====== Data records ======
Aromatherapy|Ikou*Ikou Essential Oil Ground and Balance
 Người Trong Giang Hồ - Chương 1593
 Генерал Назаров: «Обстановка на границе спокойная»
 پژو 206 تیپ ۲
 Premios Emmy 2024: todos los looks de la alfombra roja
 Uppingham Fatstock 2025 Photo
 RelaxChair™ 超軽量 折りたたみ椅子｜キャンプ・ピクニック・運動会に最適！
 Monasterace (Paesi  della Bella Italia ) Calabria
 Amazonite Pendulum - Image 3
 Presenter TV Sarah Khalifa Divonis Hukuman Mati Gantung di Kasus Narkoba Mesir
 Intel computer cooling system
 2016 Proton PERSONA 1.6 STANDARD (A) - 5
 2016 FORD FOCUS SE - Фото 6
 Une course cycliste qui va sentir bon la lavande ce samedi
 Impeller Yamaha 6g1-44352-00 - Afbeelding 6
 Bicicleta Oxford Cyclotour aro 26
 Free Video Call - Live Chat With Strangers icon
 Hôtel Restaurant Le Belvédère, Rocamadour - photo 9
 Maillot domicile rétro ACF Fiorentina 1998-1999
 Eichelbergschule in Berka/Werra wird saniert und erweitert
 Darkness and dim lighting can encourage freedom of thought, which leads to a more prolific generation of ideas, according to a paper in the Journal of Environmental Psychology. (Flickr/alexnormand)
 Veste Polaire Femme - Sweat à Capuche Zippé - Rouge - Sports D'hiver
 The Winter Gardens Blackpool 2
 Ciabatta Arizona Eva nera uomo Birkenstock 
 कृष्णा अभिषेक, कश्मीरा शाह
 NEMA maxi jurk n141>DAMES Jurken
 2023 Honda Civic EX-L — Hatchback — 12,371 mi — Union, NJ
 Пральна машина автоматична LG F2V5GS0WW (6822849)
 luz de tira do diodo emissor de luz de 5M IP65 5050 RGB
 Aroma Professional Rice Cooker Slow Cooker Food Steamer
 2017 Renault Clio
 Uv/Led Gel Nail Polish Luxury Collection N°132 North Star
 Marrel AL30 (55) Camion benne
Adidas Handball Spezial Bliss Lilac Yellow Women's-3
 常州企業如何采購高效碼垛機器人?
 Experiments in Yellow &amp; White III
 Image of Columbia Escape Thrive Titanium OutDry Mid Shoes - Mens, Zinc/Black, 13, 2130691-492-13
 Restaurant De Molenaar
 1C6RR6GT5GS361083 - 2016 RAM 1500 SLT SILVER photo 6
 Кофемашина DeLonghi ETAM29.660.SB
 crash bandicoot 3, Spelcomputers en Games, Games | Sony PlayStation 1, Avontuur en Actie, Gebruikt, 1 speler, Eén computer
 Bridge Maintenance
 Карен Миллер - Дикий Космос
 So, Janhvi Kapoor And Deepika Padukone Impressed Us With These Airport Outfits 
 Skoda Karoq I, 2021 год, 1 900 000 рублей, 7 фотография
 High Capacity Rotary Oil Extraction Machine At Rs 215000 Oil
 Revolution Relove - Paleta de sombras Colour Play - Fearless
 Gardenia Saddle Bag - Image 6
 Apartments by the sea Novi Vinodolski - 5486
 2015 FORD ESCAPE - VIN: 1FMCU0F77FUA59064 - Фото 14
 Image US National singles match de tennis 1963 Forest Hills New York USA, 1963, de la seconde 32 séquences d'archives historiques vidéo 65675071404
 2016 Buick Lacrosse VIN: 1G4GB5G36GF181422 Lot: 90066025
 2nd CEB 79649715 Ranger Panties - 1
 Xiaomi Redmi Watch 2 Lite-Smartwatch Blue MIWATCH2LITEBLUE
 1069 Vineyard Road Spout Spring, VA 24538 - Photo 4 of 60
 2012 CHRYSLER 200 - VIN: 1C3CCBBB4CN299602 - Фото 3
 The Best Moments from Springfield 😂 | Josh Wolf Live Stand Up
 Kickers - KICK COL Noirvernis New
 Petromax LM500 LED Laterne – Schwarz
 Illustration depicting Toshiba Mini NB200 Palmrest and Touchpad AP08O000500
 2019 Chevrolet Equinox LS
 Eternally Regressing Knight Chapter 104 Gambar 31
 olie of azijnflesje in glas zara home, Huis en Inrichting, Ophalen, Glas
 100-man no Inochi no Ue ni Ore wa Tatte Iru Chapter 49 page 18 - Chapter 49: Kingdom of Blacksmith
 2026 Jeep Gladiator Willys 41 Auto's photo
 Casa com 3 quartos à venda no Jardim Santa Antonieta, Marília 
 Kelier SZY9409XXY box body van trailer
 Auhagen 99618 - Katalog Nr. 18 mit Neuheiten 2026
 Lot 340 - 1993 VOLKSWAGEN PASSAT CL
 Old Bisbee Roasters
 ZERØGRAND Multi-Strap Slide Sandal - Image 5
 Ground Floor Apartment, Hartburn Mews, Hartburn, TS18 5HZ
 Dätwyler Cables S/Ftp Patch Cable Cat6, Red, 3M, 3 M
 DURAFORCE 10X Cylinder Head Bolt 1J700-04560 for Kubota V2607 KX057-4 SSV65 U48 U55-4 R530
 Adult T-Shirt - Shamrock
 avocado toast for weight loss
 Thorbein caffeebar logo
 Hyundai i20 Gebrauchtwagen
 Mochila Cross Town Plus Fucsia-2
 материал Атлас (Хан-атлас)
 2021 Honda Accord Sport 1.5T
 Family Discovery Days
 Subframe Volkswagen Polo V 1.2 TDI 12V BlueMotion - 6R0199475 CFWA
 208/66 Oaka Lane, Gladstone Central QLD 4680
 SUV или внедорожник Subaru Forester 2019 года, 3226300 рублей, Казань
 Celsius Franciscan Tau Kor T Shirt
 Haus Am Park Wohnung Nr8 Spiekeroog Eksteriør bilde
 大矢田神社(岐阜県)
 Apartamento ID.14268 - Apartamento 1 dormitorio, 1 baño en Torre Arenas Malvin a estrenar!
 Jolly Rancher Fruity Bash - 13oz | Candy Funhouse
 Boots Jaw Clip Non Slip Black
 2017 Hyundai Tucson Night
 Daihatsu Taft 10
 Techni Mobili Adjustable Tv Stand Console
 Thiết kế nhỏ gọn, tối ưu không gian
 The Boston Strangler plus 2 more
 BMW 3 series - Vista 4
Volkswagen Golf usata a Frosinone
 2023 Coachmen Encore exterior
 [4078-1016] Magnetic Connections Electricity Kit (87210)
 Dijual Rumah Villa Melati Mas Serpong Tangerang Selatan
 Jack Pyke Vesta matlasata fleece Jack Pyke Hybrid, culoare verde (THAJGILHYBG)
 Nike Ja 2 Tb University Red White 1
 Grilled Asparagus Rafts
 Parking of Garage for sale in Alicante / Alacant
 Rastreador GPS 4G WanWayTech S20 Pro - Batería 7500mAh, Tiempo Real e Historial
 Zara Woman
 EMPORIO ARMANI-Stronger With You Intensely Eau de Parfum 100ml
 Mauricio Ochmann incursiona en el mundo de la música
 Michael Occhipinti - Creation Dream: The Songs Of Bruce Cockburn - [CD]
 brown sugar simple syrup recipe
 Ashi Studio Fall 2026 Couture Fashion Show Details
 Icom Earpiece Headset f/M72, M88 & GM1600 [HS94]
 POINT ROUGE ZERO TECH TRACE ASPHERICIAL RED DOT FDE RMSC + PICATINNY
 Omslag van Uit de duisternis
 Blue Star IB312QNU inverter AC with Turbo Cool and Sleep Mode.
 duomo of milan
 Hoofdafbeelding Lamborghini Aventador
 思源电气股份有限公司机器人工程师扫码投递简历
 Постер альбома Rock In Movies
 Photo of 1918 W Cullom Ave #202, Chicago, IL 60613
======
◆ **Your task**:
Considering only the material above, set down every line from the one with "Uv/Led Gel Nail" to the one with "2016 Buick Lacrosse", inclusive, exactly as written.

◆ **Exercise answer**:
 Uv/Led Gel Nail Polish Luxury Collection N°132 North Star
 Marrel AL30 (55) Camion benne
Adidas Handball Spezial Bliss Lilac Yellow Women's-3
 常州企業如何采購高效碼垛機器人?
 Experiments in Yellow &amp; White III
 Image of Columbia Escape Thrive Titanium OutDry Mid Shoes - Mens, Zinc/Black, 13, 2130691-492-13
 Restaurant De Molenaar
 1C6RR6GT5GS361083 - 2016 RAM 1500 SLT SILVER photo 6
 Кофемашина DeLonghi ETAM29.660.SB
 crash bandicoot 3, Spelcomputers en Games, Games | Sony PlayStation 1, Avontuur en Actie, Gebruikt, 1 speler, Eén computer
 Bridge Maintenance
 Карен Миллер - Дикий Космос
 So, Janhvi Kapoor And Deepika Padukone Impressed Us With These Airport Outfits 
 Skoda Karoq I, 2021 год, 1 900 000 рублей, 7 фотография
 High Capacity Rotary Oil Extraction Machine At Rs 215000 Oil
 Revolution Relove - Paleta de sombras Colour Play - Fearless
 Gardenia Saddle Bag - Image 6
 Apartments by the sea Novi Vinodolski - 5486
 2015 FORD ESCAPE - VIN: 1FMCU0F77FUA59064 - Фото 14
 Image US National singles match de tennis 1963 Forest Hills New York USA, 1963, de la seconde 32 séquences d'archives historiques vidéo 65675071404
 2016 Buick Lacrosse VIN: 1G4GB5G36GF181422 Lot: 90066025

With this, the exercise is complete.